Basic Study of Literature March 26, 2015
Drama Analysis Paper: The Death of a Salesman
The Death of a Salesman is a play of a typical American family and their desire to live the American dream. Father, Willy Loman reveals how the rigid expectations of society and striving for that dream can destroy a man's soul. Having an American Dream may not be a bad motivation for life, but Willy held on to this dream as if it was everything. Death of a Salesman has many literary devices that help to make it deep and riveting play that has become an American classic. The play develops into the dreams and aspirations of Willy Loman and follows his strive for the American Dream as they fail to come true. Arthur Miller uses the characterization of the Loman family, symbols and themes to add to the overall effect of the play.

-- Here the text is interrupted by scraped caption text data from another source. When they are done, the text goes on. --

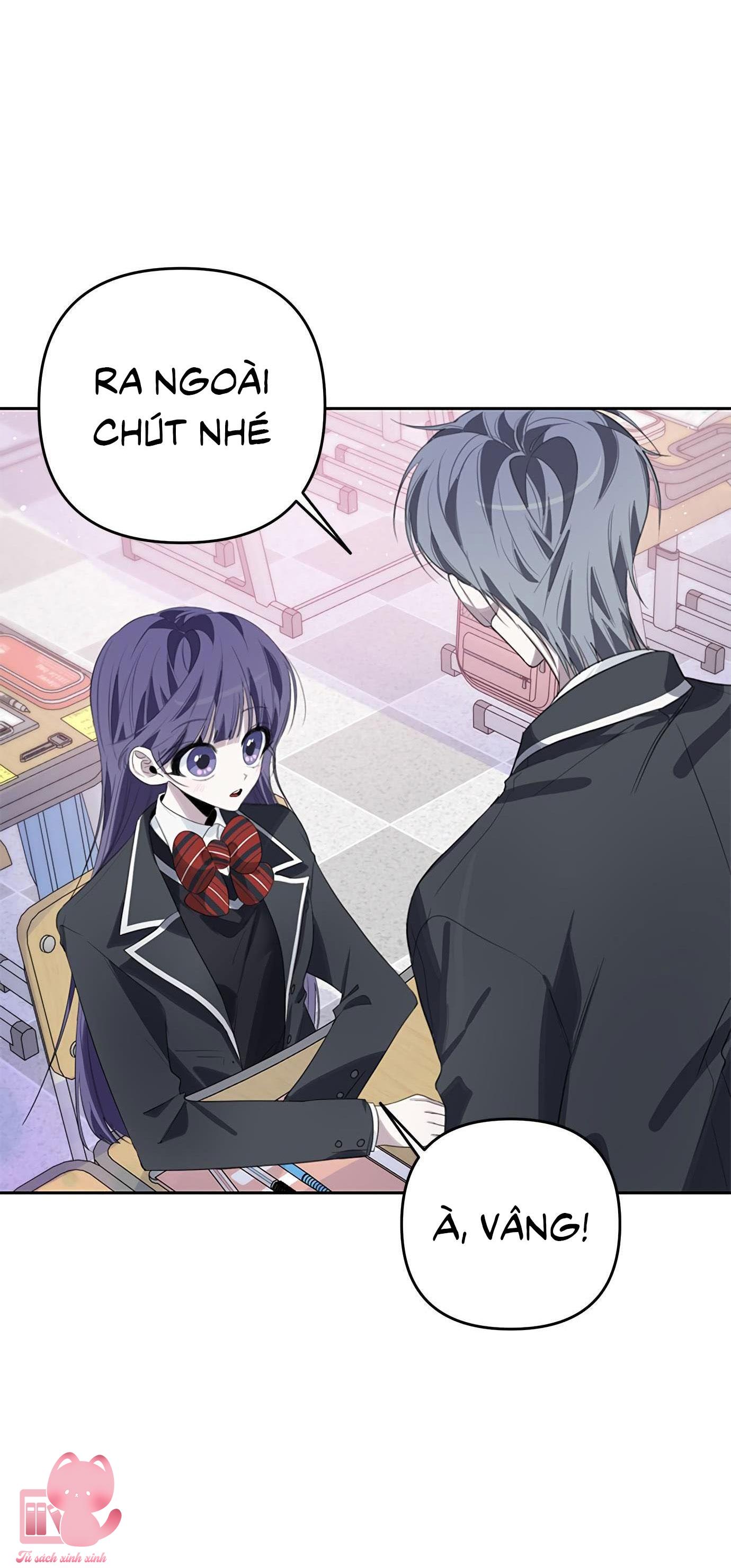 Đàn Anh Xấu Xa! - Chap 41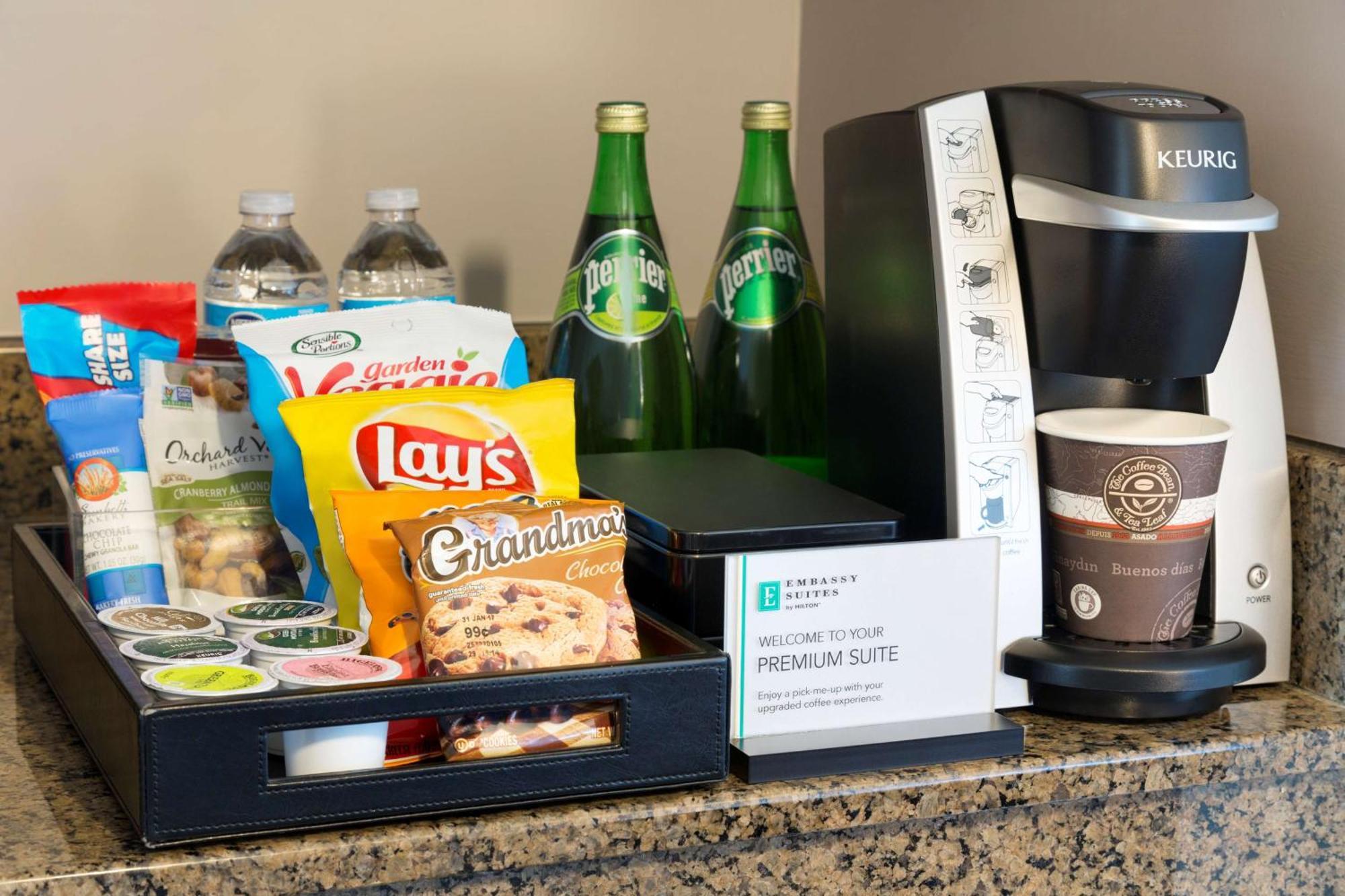 Embassy Suites By Hilton Atlanta At Centennial Olympic Park Esterno foto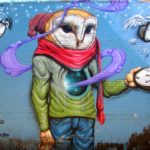 Deep Ellum, Dallas, Street Art, Murals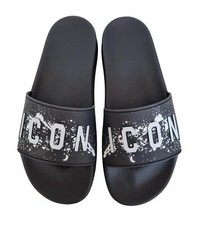 Dsquared2 ciabatte a fascia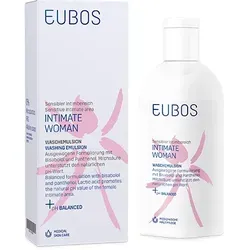 EUBOS INTIMATE WOMAN Waschlotion 200 ml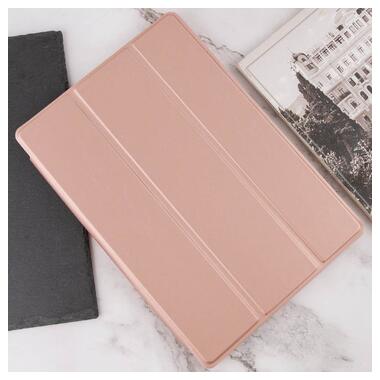 Чохол-книжка Epik Book Cover+stylus Samsung Galaxy Tab A7 Lite (T220/T225) Рожевий / Rose gold фото №2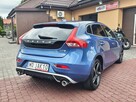 Volvo V40 R-DESIGN 2.0 D2 120KM Harman Kardon Serwisowany, zadbany stan! - 3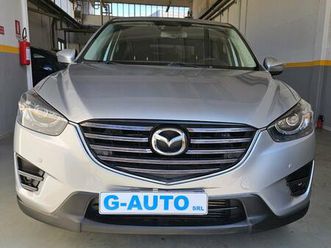 cx-5 1ª serie cx-5 2.2l skyactiv-d 150cv 2wd exceed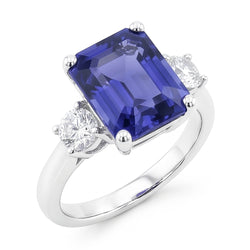 Anello Diamante Vero 4.50 Carati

Death of a Salesman focuses on four characters, the main character Willy Loman, his wife Linda, and their two sons Happy and Biff Loman. Throughout the play, Arthur Miller tells us of the hard life, emotions and triumphs of sixty year old Willy Loman who is a salesman that makes his income wholly based on commission. Working on straight commission, he cannot bring home enough money to pay his bills. Willy believes that he can become famous and wealthy just like his older brother Ben. The constant conflict between illusion and reality is a constant struggle for him throughout the play. Willy Loman is motivated by the need to be proud, well-known, and wealthy. According to Willy he will have a bigger business than their Uncle Charley because “he’s liked, but he’s not–-well liked” (Miller 1012). Willy strongly believes that in order to be successful and wealthy you have to be known and well-liked. His idea of what helps to make a person successful doesn’t match up with reality. In a conversation with his son Happy, Willy stresses the fact that Bernard, his cousin is smart and has good grades but won’t succeed in the business world. “That’s just what I mean, Bernard can get the best marks in school, you understand, but when he gets out in the business world, you understand, you are going to be five times ahead of him” (Miller 1014). Willy's assertion that popularity matters above all else is ironic. In the context of Bernard's business success and Biff's failure, Biff has nowhere near the reputation that Bernard does. Although it's easy to criticize him for this belief, Willy does have somewhat of a point. Those who are well liked seem to have certain advantages and doors tend to open a little bit more easily for them. Willy unfortunately, is not one of those people.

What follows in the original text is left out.